- Supreme Court of the United States

Argued December 4, 2017 Decided May 14, 2018
- Full case name: Philip D. Murphy, Governor of New Jersey, et al. v. National Collegiate Athletic Association, et al.
- Docket no.: 16-476
- Citations: 584 U.S. 453 (more) 138 S. Ct. 1461; 200 L. Ed. 2d 854

Case history
- Prior: 61 F. Supp. 3d 488 (D.N.J. 2014); affirmed, 799 F.3d 259 (3d Cir. 2015); affirmed on rehearing en banc, 832 F.3d 389 (3d Cir. 2016); cert. granted, 137 S. Ct. 2327 (2017).

Questions presented
- Does a federal statute that prohibits modification or repeal of state-law prohibitions on private conduct impermissibly commandeer the regulatory power of States in contravention of New York v. United States, 505 U.S. 144 (1992)

Holding
- The provision of the Professional and Amateur Sports Protection Act that prohibits state authorization of schemes in sports gambling conflicts with the anticommandeering rule of the Tenth Amendment to the Constitution of the United States of America.

Court membership
- Chief Justice John Roberts Associate Justices Anthony Kennedy · Clarence Thomas Ruth Bader Ginsburg · Stephen Breyer Samuel Alito · Sonia Sotomayor Elena Kagan · Neil Gorsuch

Case opinions
- Majority: Alito, joined by Roberts, Kennedy, Thomas, Kagan, Gorsuch; Breyer (all but Part VI–B)
- Concurrence: Thomas
- Concur/dissent: Breyer
- Dissent: Ginsburg, joined by Sotomayor; Breyer (in part)

Laws applied
- U.S. Const. amend. X

= Murphy v. National Collegiate Athletic Association =

Murphy v. National Collegiate Athletic Association, No. 16-476, 584 U.S. 453 (2018) [138 S. Ct. 1461], was a landmark United States Supreme Court case involving the Tenth Amendment to the United States Constitution. The issue was whether the U.S. federal government has the right to control state lawmaking. The State of New Jersey, represented by Governor Philip D. Murphy, sought to have the Professional and Amateur Sports Protection Act (PASPA) overturned to allow state-sponsored sports betting. The case, formerly titled Christie v. National Collegiate Athletic Association until Governor Chris Christie left office, was combined with NJ Thoroughbred Horsemen v. NCAA, No. 16-477.

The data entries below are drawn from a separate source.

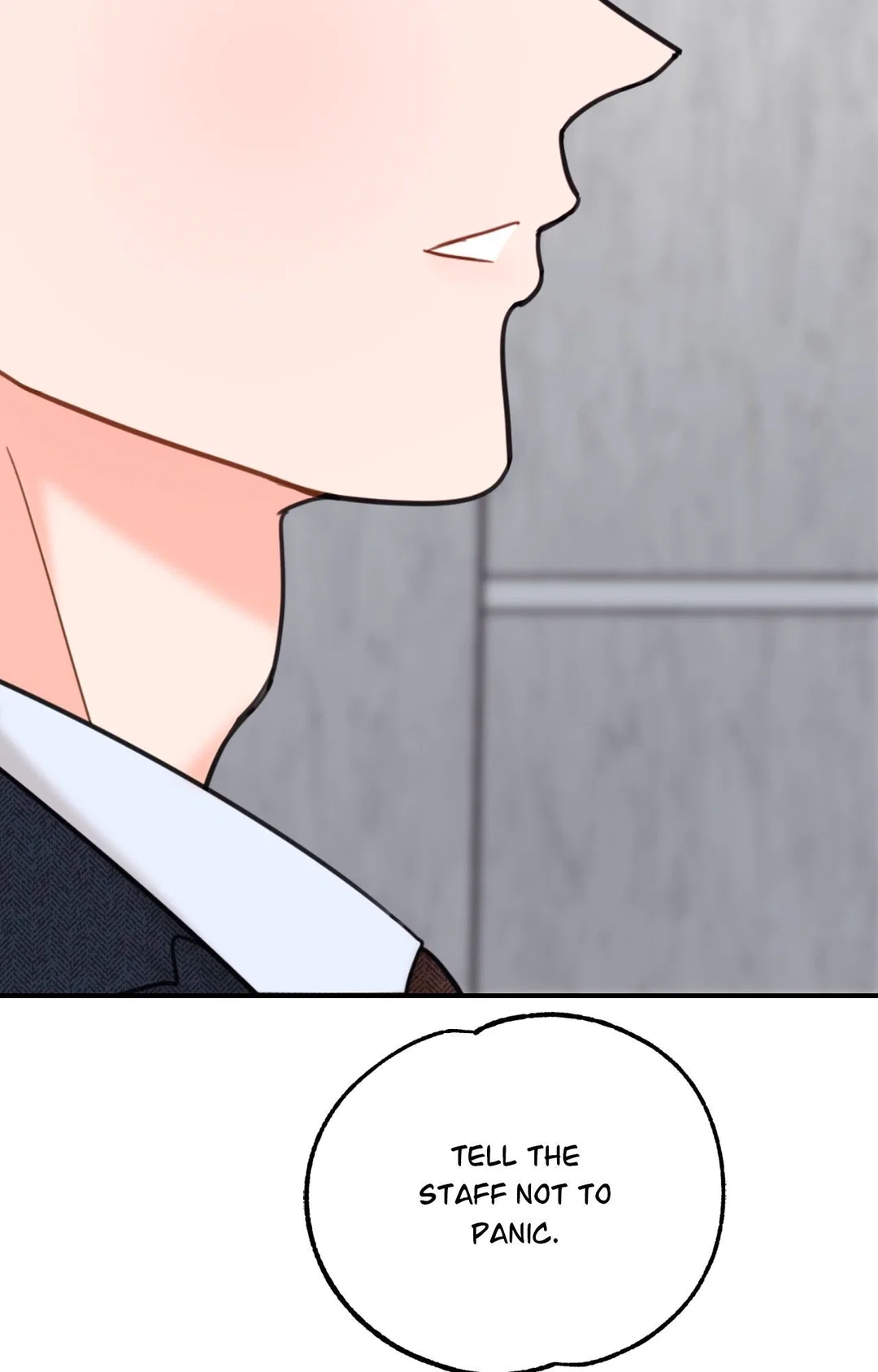 Chapter 38 - Image 6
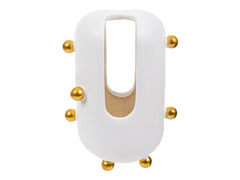 ���� ����� 23�� 811-068 - ��� ������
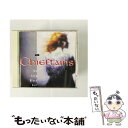 【中古】 ロング・ブラック・ベイル/CD/BVCP-782 / チーフタンズ, シンニード・オコナー, トム・ジョーンズ, ザ・ローリング・ストーンズ / BMGビク [CD]【メール便送料無料】【あす楽対応】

The pro-betting side characterized the federal government's position as commandeering of state officials via federal law, which the states would have the responsibility to enforce. The anti-betting side relied on the Supremacy Clause of the U.S. Constitution to keep PASPA in force. The outcome of the case was suggested to be likely to be cited in future cases involving the legalization of cannabis in which a similar state–federal question exists.

On May 14, 2018, the Supreme Court reversed lower courts and sided with New Jersey in deciding that PASPA violated the anticommandeering principle by a 7–2 vote and declaring the entire law unconstitutional by a 6–3 vote.
The Supreme Court decision overturned the federal ban on sports gambling and was followed by widespread state-level legalization. By 2026, 27 states had legalized online sports gambling.

==Background==
In 1992, the U.S. Congress passed the Professional and Amateur Sports Protection Act (PASPA), 28 U.S.C. §§ 3701–3704, to prohibit state-sanctioned sports gambling. The law stated that states may not "sponsor, operate, advertise, promote, license, or authorize by law or compact" sports gambling. The law made exemptions for gambling in four states (Nevada, Delaware, Oregon, and Montana), which had established legal sports gambling regulations in place. New Jersey had attempted to apply for the exemption but failed to act in 1991, when the exemption window closed, in part because of state-level political issues.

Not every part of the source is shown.